If all I have is some MTS, a nerite or two, and some day a few RCS? We'll see I guess. I'm hoping all of these will be heavily planted.


----------



## nel (Jan 23, 2016)

I have 1 gallon jar with 10 bloody mary shrimps. No filter, no water changes, just top offs. To be able to do that you need to let the jar get stable for long time (mine I left for 2-3 months) and big, like really big plant mass. I have a "normal" plant (growing like an ivy, something like that) with roots in the jar helping clean it.


----------



## bbroush (Sep 13, 2012)

nel said:


> I have 1 gallon jar with 10 bloody mary shrimps. No filter, no water changes, just top offs. To be able to do that you need to let the jar get stable for long time (mine I left for 2-3 months) and big, like really big plant mass. I have a "normal" plant (growing like an ivy, something like that) with roots in the jar helping clean it.




That's what I was thinking. Do they breed in there?


----------



## nel (Jan 23, 2016)

I don't know, I got them young and they are only for two months there now, so probably soon they should start. It's pretty cold in the jar, so they might be growing a little slowly.


----------



## Fishly (Jan 8, 2010)

There are too many variables to say for certain. With tanks this small, it's always a matter of balance, but the balance varies depending on light, nutrient availability, bioload, etc. You won't know until you try. I say let the plants grow in for at least a month, then add shrimp or snails one at a time a week or two apart. Don't be afraid to push the limits, but take it slow. Only change one thing at a time so if there's a crash you know what caused it.
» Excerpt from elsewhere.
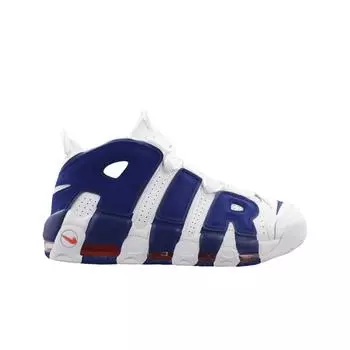Мужские кроссовки Nike Air More Uptempo Knicks 921948-101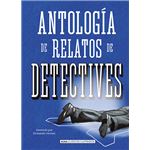Antologia de relatos de detectives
And make sure you show us the results! There aren't nearly enough jar journals in my opinion.


----------



## bbroush (Sep 13, 2012)

Fishly said:


> There are too many variables to say for certain. With tanks this small, it's always a matter of balance, but the balance varies depending on light, nutrient availability, bioload, etc. You won't know until you try. I say let the plants grow in for at least a month, then add shrimp or snails one at a time a week or two apart. Don't be afraid to push the limits, but take it slow. Only change one thing at a time so if there's a crash you know what caused it.
> 
> 
> 
> And make sure you show us the results! There aren't nearly enough jar journals in my opinion.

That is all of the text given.